For legacy reasons, we have a VARCHAR2 column in our Oracle 10 database—where the character encoding is set to AL32UTF8—that contain some non-UTF-8 values. The values are always in one of these character sets:
- US-ASCII
- UTF-8
- CP1252
- Latin-1
I’ve written a Perl function to fix broken values outside the database. For a value from this database column, it loops through this list of encodings and tries to convert the value to UTF-8. If the conversion fails, it tries the next encoding. The first one to convert without error is the value we keep. Now, I would like to replicate this functionality inside the database so that anyone can use it.
However, all I can find for this is the CONVERT function, which never fails, but inserts a replacement character for characters it does not recognize. So there is no way, as far as I can tell, to know when the conversion failed.
Therefor, I have two questions:
- Is there some existing interface that tries to convert a string into one of list of encodings, returning the first that succeeds?

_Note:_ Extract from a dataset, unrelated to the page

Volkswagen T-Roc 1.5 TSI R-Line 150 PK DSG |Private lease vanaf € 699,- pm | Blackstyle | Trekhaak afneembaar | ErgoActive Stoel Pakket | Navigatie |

- And if not, is there some other interface that indicates failure if it’s not able to convert a string to an encoding? If so, then I could write the previous function.
UPDATE:
For reference, I have written this PostgreSQL function in PL/pgSQL that does exactly what I need:
CREATE OR REPLACE FUNCTION encoding_utf8(
bytea
) RETURNS TEXT LANGUAGE PLPGSQL STRICT IMMUTABLE AS $$
DECLARE
encoding TEXT;
BEGIN
FOREACH encoding IN ARRAY ARRAY[
'UTF8',
'WIN1252',
'LATIN1'
] LOOP
BEGIN
RETURN convert_from($1, encoding);
EXCEPTION WHEN character_not_in_repertoire OR untranslatable_character THEN
CONTINUE;
END;
END LOOP;
END;
$$;
I’d dearly love to know how to do the equivalent in Oracle.
Thanks to the key information about the illegal characters in UTF-8 from @collapsar, as well as some digging by a co-worker, I’ve come up with this:
Curiously, it never gets to WE8ISO8859P1: WE8MSWIN1252 converts every single one of the list of 800 or so bad values I have without complaint. The same is not true for my Perl or PostgreSQL implementations, where CP1252 fails for some values but ISO-8859-1 succeeds. Still, the values from Oracle seem adequate, and appear to be valid Unicode (tested by loading them into PostgreSQL), so I can’t complain. This will be good enough to sanitize my data, I think.